Task details.
What is needed is an exact copy of the lines in the entries below from the one holding "Eenk Xender Separable" through the one holding "Load image into", pictures excluded.

Supplied entries.
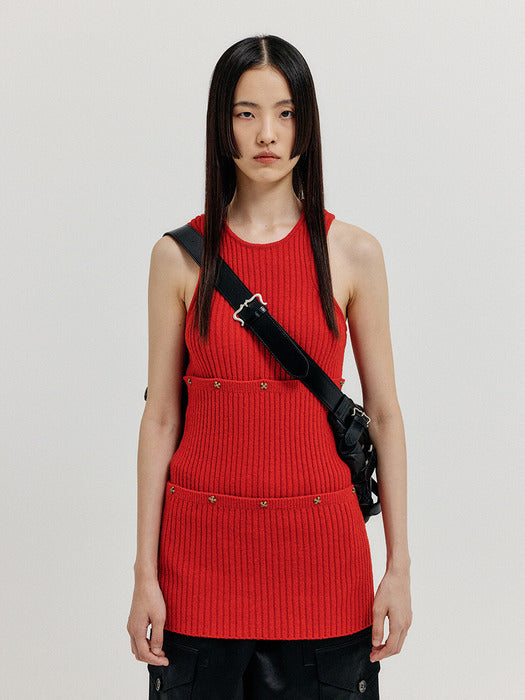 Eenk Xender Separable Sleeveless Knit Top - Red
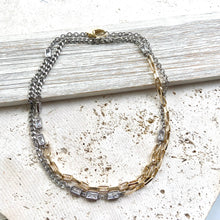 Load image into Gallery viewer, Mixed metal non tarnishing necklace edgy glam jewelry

==

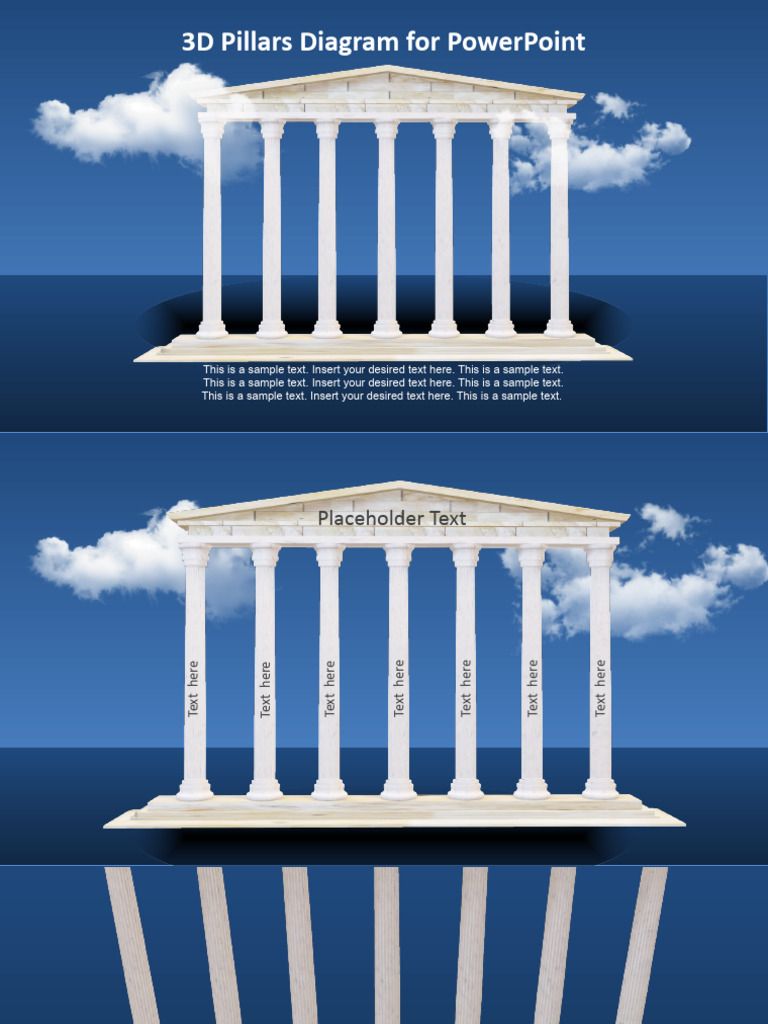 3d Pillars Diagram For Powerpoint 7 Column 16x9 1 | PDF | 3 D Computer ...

Answer to the problem.
 Eenk Xender Separable Sleeveless Knit Top - Red
 Load image into Gallery viewer, Mixed metal non tarnishing necklace edgy glam jewelry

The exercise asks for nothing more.